• [To do] Return the entries below verbatim. Pictures stay out.

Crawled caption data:
===

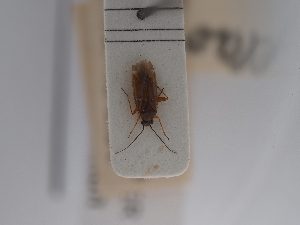  (Plagiognathus flavipes - BGE_ZSM_HET_0801)  @11 [ ] by-nc-sa (2025) SNSB, Staatliche Naturwissenschaftliche Sammlungen Bayerns ZSM (SNSB, Zoologische Staatssammlung Muenchen)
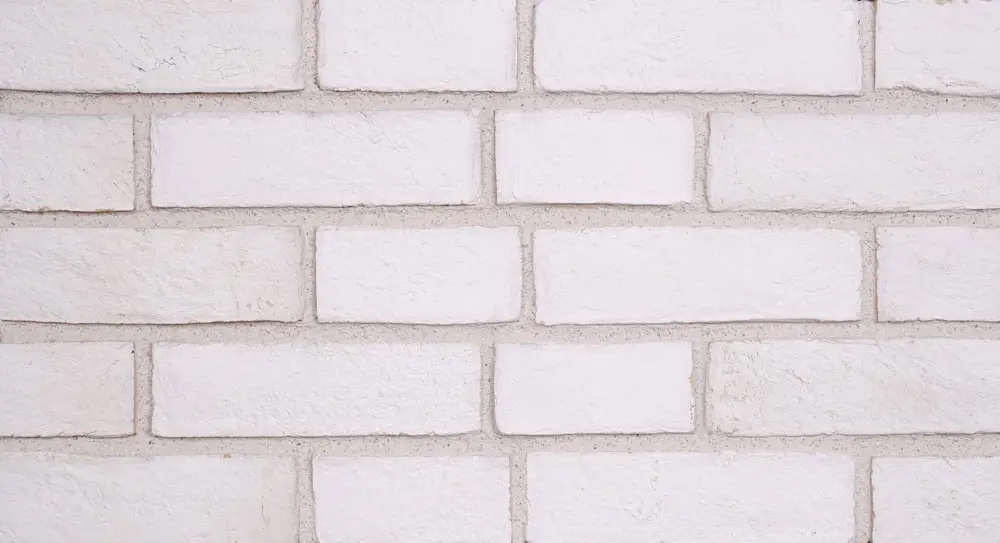 Doğal Kaplama Tuğla / 311-PURE WHITE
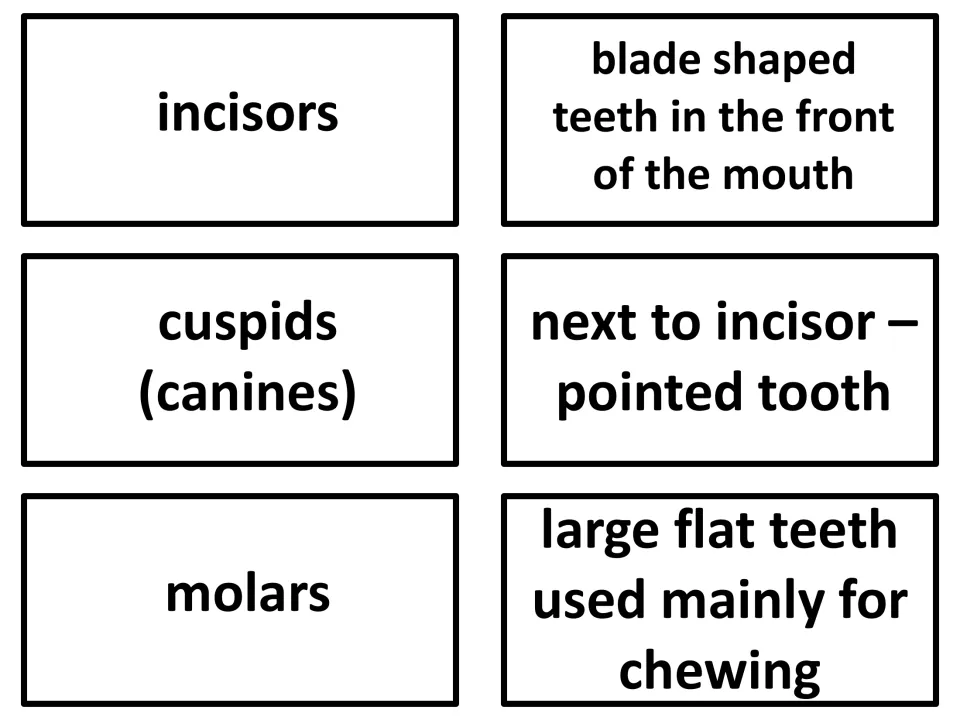 Vocabulary flashcards 28–30: incisors, cuspids (canines), and molars, with descriptions of these tooth types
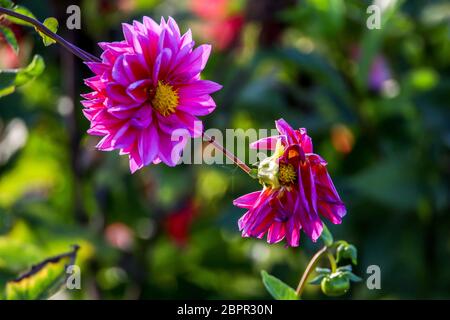 Sfondo con rosa dahlia in prato verde. Dahlia è messicano pianta della famiglia a margherita, che è coltivata per le sue colorate singola o dou Foto Stock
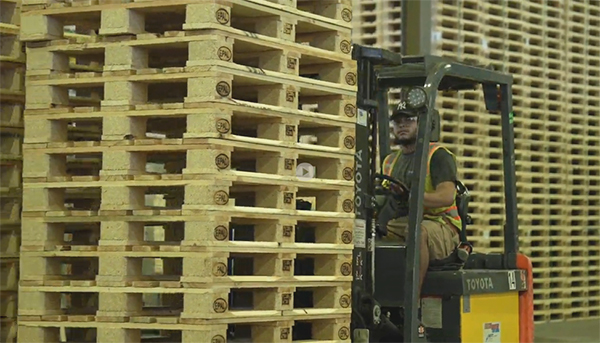 forklift operator moving EPAL pallets for shipping internationally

===

• [Result below]
  (Plagiognathus flavipes - BGE_ZSM_HET_0801)  @11 [ ] by-nc-sa (2025) SNSB, Staatliche Naturwissenschaftliche Sammlungen Bayerns ZSM (SNSB, Zoologische Staatssammlung Muenchen)
 Doğal Kaplama Tuğla / 311-PURE WHITE
 Vocabulary flashcards 28–30: incisors, cuspids (canines), and molars, with descriptions of these tooth types
 Sfondo con rosa dahlia in prato verde. Dahlia è messicano pianta della famiglia a margherita, che è coltivata per le sue colorate singola o dou Foto Stock
 forklift operator moving EPAL pallets for shipping internationally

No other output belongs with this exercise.